Не поворачивая головы, он посмотрел в створке зеркала на пенсионера через два кресла от него. Тот чего-то бэкал громким голосом, как все старые хрычи. Теперь его парикмахер, нагибаясь над ним, маленькими ножничками с закругленными кончиками выстригал волоски из его бровей. А потом и из ноздрей, и из ушей. Выстригал веточки из его ушных дырок. Противно, дальше некуда. Наконец парикмахер начал кисточкой втирать порошок в шею старого хрыча.
Это еще зачем?
Тут его заплечных дел мастер вытащил машинку. Еще одно, чего Грегори не любил. Иногда они пользовались ручными машинками, вроде консервных открывалок: взз, трр, взз, трр по верхушке его черепа, пока не вскрывались его мозги. Но эта была жужжалкой — в десять раз хуже, потому что такие могут убить тебя током. Он сто раз видел это в воображении. Парикмахер жужжит себе, не замечая, что делает, вообще ненавидит тебя за то, что ты мальчик, и отхватывает клинышек с твоего уха, кровь льет на машинку, короткое замыкание, и тебя убивает током на месте. Наверное, миллионы раз такое случалось. А парикмахер всегда остается жив-здоров, потому что носит обувь на резиновой подошве.

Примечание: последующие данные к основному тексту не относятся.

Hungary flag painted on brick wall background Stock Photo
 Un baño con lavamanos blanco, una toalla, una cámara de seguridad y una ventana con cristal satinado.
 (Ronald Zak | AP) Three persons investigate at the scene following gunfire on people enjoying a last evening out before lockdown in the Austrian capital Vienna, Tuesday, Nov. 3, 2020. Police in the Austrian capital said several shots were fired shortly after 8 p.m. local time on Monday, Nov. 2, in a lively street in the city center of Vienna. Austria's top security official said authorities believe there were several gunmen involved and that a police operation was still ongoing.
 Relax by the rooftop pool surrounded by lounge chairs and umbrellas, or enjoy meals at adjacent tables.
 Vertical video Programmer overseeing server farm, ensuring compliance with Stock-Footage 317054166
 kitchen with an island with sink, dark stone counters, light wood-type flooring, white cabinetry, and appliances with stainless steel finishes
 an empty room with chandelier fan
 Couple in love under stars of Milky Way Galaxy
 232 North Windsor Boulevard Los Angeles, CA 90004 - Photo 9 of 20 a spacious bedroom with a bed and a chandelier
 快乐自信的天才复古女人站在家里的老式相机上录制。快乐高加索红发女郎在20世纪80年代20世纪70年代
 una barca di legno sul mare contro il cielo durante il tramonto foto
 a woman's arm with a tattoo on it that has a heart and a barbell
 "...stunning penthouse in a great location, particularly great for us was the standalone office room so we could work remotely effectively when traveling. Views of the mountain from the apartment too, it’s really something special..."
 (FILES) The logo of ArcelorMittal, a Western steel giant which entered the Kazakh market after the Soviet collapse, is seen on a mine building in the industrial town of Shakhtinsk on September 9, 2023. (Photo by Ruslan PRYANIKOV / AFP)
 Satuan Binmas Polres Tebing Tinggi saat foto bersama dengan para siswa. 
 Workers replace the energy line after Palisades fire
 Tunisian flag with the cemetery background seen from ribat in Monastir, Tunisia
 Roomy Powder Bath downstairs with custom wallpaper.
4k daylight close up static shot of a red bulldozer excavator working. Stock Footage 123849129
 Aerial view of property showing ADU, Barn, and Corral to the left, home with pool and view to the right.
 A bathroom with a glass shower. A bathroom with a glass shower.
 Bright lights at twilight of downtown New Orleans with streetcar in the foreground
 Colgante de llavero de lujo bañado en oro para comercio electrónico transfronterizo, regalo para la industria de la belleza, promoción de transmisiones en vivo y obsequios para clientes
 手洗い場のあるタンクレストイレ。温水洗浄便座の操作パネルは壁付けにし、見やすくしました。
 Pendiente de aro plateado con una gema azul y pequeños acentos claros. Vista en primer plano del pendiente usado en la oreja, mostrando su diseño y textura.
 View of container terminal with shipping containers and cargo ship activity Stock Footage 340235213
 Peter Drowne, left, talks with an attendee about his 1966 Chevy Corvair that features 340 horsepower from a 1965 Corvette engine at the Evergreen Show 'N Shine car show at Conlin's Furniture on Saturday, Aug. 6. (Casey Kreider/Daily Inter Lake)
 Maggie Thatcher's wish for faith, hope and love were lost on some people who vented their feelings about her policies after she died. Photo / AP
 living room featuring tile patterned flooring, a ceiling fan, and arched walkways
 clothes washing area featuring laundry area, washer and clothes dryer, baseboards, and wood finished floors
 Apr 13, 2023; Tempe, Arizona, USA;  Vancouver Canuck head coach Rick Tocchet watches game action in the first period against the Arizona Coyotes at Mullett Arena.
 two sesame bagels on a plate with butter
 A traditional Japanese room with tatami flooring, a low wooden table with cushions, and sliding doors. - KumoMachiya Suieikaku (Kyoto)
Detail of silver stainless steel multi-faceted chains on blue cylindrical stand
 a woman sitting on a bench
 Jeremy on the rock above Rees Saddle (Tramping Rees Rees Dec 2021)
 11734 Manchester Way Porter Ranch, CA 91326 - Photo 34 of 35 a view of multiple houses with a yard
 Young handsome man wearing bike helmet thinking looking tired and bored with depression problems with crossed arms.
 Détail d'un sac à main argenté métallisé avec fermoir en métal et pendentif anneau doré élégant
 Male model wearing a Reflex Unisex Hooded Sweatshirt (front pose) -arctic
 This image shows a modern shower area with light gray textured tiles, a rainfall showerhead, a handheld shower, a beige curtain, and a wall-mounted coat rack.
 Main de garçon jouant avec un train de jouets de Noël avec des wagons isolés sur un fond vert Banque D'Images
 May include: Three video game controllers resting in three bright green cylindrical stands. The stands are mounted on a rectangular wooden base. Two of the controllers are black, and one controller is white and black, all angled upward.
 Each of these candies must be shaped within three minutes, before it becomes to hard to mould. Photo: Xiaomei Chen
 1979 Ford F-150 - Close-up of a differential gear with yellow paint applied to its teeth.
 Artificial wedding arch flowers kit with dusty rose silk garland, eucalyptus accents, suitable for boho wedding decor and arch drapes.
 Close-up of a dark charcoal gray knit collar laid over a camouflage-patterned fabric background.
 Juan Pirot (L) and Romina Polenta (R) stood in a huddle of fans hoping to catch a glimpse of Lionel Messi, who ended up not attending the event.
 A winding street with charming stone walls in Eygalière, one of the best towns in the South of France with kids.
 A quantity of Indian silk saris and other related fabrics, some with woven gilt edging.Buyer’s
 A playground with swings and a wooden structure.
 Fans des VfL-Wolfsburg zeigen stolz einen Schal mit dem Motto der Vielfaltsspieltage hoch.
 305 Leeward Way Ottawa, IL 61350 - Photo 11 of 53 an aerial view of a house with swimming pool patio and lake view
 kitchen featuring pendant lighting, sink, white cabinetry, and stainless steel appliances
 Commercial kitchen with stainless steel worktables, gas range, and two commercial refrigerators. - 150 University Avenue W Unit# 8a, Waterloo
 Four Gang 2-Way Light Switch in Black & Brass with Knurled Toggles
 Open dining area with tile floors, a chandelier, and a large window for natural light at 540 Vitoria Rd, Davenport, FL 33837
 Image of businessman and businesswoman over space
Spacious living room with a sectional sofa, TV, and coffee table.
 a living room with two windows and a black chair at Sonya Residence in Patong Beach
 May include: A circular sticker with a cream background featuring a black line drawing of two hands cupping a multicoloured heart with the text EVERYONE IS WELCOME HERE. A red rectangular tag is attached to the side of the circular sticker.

В школе они плавали голышом. Мистер Лофтхаус надевал мешочек, чтобы они не видели его моталку. Мальчики снимали с себя все, принимали душ от вшей, а может, от бородавок или еще чего-то, или чтоб не вонять, как Вуд, а потом прыгали в бассейн. Ты подпрыгиваешь вверх, и вода бьет тебя по яйцам. Получается неприличность, и ты стараешься, чтобы учитель не заметил. От воды яйца у тебя становятся тугими, а потому твой петушок еще больше топорщится, а после они растирались полотенцами досуха и глядели друг на друга, не глядя, а вроде вбок, как в зеркало в парикмахерской. Все в классе были одного возраста, но некоторые были там еще совсем лысые; у других, как у Грегори, была полоска из волос поперек, а на яйцах ничего; а некоторые, вроде Хопкинсона и Шапиро, были уже волосатыми, как мужчины, и потемнее цветом, коричневатые, как папин, когда он пикал, стоя перед специальной раковиной. Ну, все-таки у него волосы какие-никакие, а есть, не то, что Лысый Бристоу и Холл, и Вуд. Но вот как Хопкинсон и Шапиро добились такого? У всех остальных только петушки, а у них моталки.